The police then put out information about Scott’s irrelevant prior arrest record, and mentioned that they found “drugs and other paraphernalia” in his apartment after he was dead. Because it’s not enough to kill the wrong person and claim it was justified. You have to air his dirty laundry as well, to make yourself look better.

An aside on Professor Turley’s update on the case: he noted some allegations that, after killing Scott, police increased Brown’s charge from battery to attempted murder. Presumably they would do this to retroactively justify deadly force, since an attempted murderer would be more dangerous than an alleged batterer. If this is true, they may ruin Brown’s life to cover their own asses.

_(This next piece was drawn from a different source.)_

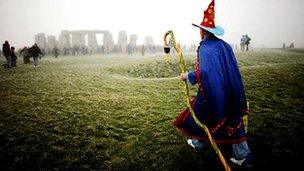 Archive image - Winter solstice at Stonehenge,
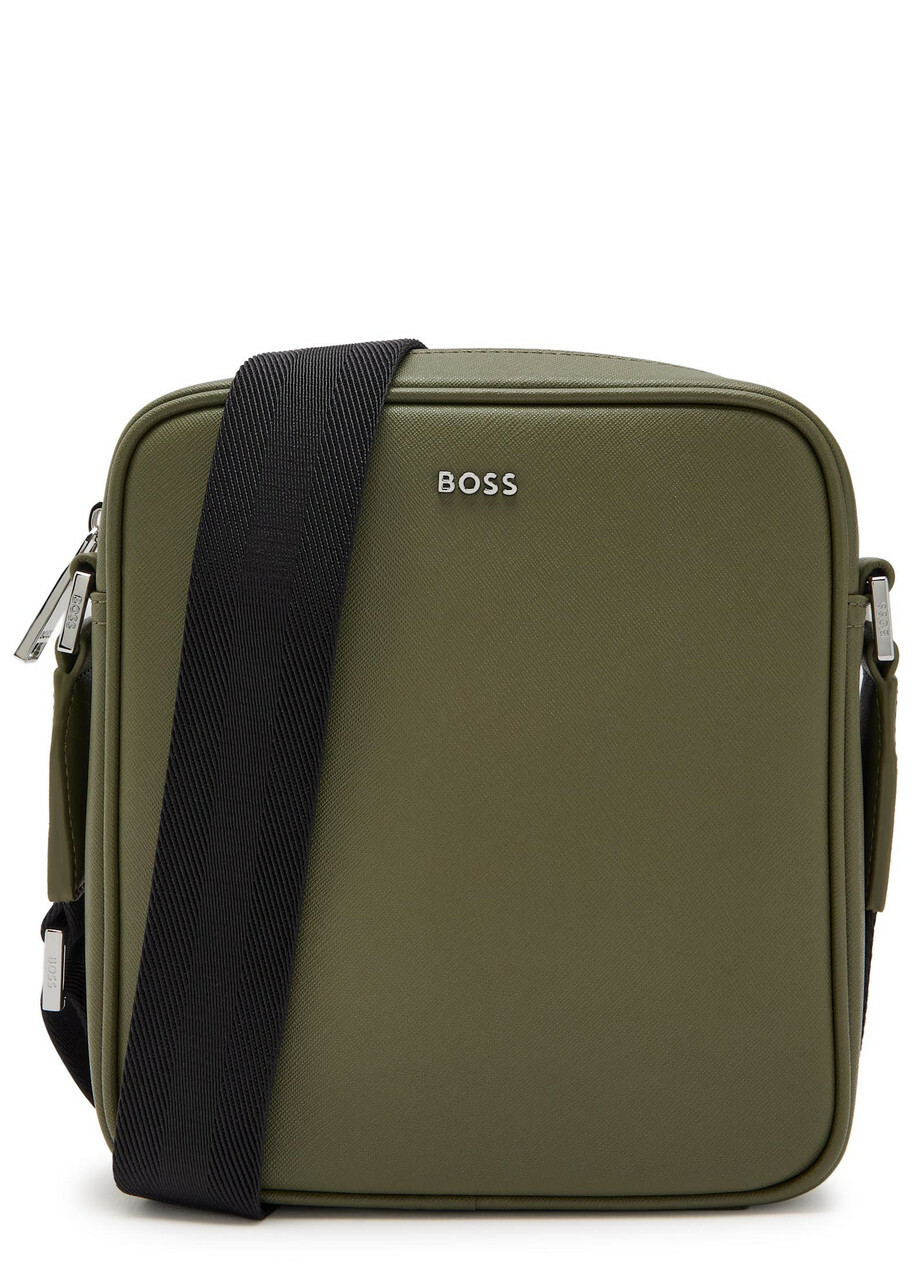 Boss Northon Logo Saffiano Leather Cross-body bag - Green - One Size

What Does This Have to Do With Aurora?

Why am I bringing up Zamudio and Scott? Because they offer a reality check about what happens when armed bystanders try to help. Zamudio, I have no doubt, is a hero, but even the best of intentions could have gotten someone killed. As for Scott, we can only guess that he was motivated to defend his home. The police had a very different perception of the situation, and Scott wound up dead. In a situation like the one in Aurora, police may not be able to tell the difference between the actual shooter and a well-intentioned armed bystander. If cops responding to the pandemonium of such a scenario see someone with a gun, the First Rule of Policing will kick in. If they kill you, not only would you be dead, but you might not even be a hero. The authorities may balance your legacy as a hero with their own need to justify their actions, and your legacy will lose out. (In other words, you’d better not have a single drug-related arrest in your past.)

So What the Hell is Your Point?

In Aurora, the shooter didn’t have a concealed handgun and good intentions. He had an AR-15 assault rifle and SWAT armor, and ammunition he bought on the internet. The AR-15 design was also the basis for the M-16, which Army infantry used from the Vietnam War until 2010. The AR-15 has no particular use in hunting, serving mostly to fire many, many bullets with an absurd amount of force, even for a gun. Still, according to the Wall Street Journal, gun enthusiasts praise “its ease of use and rock-solid reliability.” Reliability for what, I don’t know. The AR-15, along with other assault weapons, was subject to a federal ban from 1994 until 2004, when Congress let the ban expire.

Maybe the problem here is not that no one else was armed. Maybe the problem is that this one guy amassed enough weaponry, ammunition, and armor to take on a small army, and no one ever noticed. It would seem like sensible regulations on weapons better suited for infantry combat than personal use (i.e. assault weapons, not handguns) would be a simpler solution than arming the entire populace to satisfy some people’s need for a “reliable” machine gun.

One final sarcastic note: Even if we don’t enact any new regulations on guns, and even if we don’t improve enforcement of existing laws at all, we have a massive state security apparatus that predates the Obama and even the Bush administrations. In the absence of sensible regulation, can’t our government at least spy on us competently?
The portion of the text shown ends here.